Des titres et marques honorifiques au Japon

Aujourd’hui, petit cours de langue sur les suffixes, particules et titres au Japon.

Perceval Kaamelott gros faisan
“C’est le Gros Faisan au sud, et au nord, c’est juste Ducon.”

En japonais, on s’adresse aux gens par leur nom ou leur prénom. Merci, le scoop. Mais il y a une astuce, sans quoi cet article n’aurait pas d’objet.
Les règles ? Inexistantes ou pléthoriques, au choix. En pratique, l’emploi du suffixe dépend du contexte, de la position hiérarchique de votre interlocuteur, de son statut social, de votre degré de proximité avec lui. Adaptation est le maître mot.
En gros, quand on s’adresse à :

  • un supérieur : nom + titre ou suffixe honorifique ;
  • un quidam : nom + suffixe neutre (san) ;
  • un collègue : nom ou prénom + suffixe neutre (san) ;
  • un proche : prénom tout court ;
  • un familier : prénom + suffixe affectueux ;
  • un inférieur : on ne parle pas aux larbins ;
  • tout le monde : on ne parle jamais de soi avec un suffixe, c’est prétentieux et impoli.

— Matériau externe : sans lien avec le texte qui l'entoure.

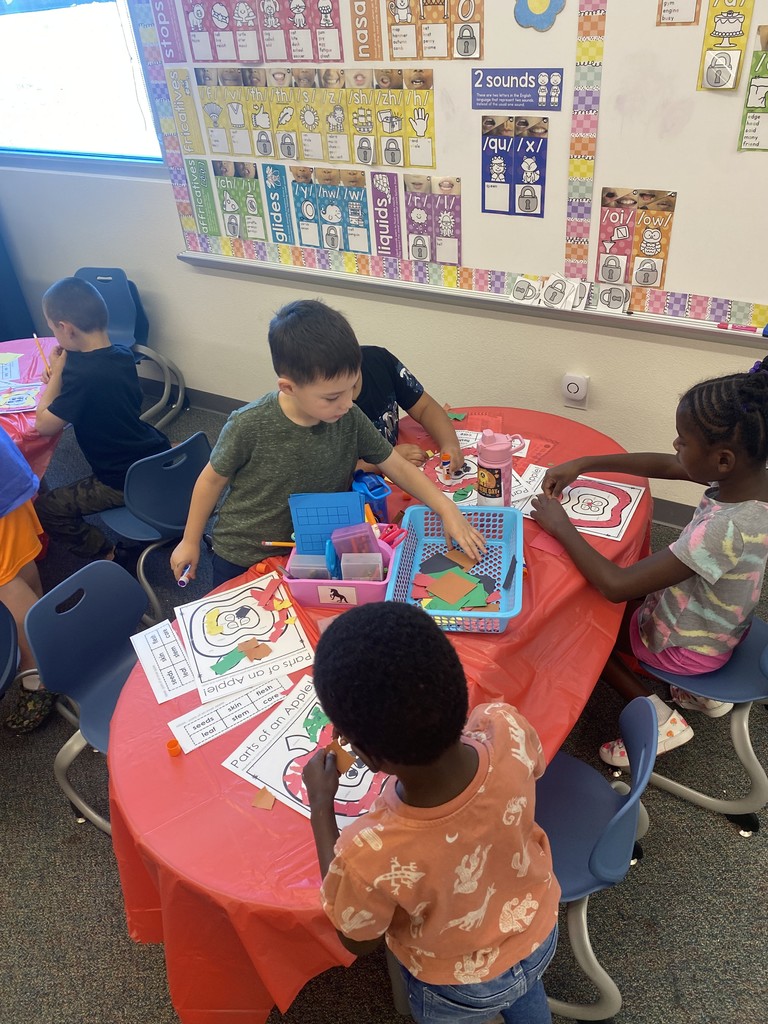 students working together on an apple craft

C’est très schématique vu le nombre de cas particuliers et exceptions, mais ça donne une idée générale.
Il existe une foultitude de suffixes et d’appellations. Rien que la famille, par exemple, dispose de listes spécifiques selon que vous parliez de la vôtre ou d’une autre, que vous soyez déférent ou familier. Les suffixes abondent mais un paquet sont vieillis et plus usités. Traditionnellement, on en distingue cinq, ce qui est à mon sens une connerie puisqu’on n’en utilise en réalité que quatre (san, kun, chan, sama).

  • San (さん)
    Le passe-partout. Tout à fait neutre au plan relationnel, unisexe donc pas d’erreur possible. Il sert pour les collègues, les gens que vous croisez pour la première fois ou dont vous n’êtes pas spécialement proche. On l’utilise en général avec le nom de famille, parfois avec le prénom dans le cas de connaissances de longue date. Un prof peut se permettre d’employer prénom-san avec ses élèves.
    Quand vous ne savez pas quoi mettre, mieux vaut coller san que rien du tout. L’absence d’un suffixe dans un contexte qui en requiert un constitue un grave manquement à la politesse et un comble d’irrespect. On pardonnera plus facilement au gaijin son imprécision que son impolitesse.
    Dans la région de Kyoto où le dialecte du kansai-ben est en vigueur, on utilise han (はん) à l’oral.
  • Sama (様)
    Le suffixe des grandes occasions réservé aux gens qui vous sont éminemment supérieurs. S’emploie si votre interlocuteur est une personnalité, une divinité ou situé au-dessus sur un plan social ou hiérarchique… Sert aussi pour passer la brosse à reluire de la flatterie et faire mousser des gens (invité, client…).
  • Kun (君, くん)
    Suffixe familier qu’on emploie pour les garçons jusqu’à l’âge adulte (donc sans limite de durée dans mon cas). Connotation affectueuse quand on l’emploie avec un copain de classe, un ami proche, un petit frère…
  • Chan (ちゃん)
    Équivalent de kun pour les filles. Marche aussi pour les bébés sans distinction de genre et éventuellement les garçons jusqu’à l’adolescence. À manier avec précaution pour des adultes : vous pouvez vous en servir avec un pote très proche pour marquer un mélange de dérision et d’affection, avec une amie proche, votre maîtresse, votre grand-mère. On l’utilise le plus souvent avec le diminutif du proche.
    Dans les mangas et les animes, chan est souvent écrit/prononcé tan (たん) en se basant sur la prononciation enfantine.
  • Dono (殿)
    La cinquième roue du carrosse que je mentionne quand même, bien qu’elle ne soit plus usitée que dans des cas très particuliers (notes officielles). Il s’agit d’une ancienne particule réservée aux nobles dont le seul usage courant concerne les œuvres historiques (films, littérature).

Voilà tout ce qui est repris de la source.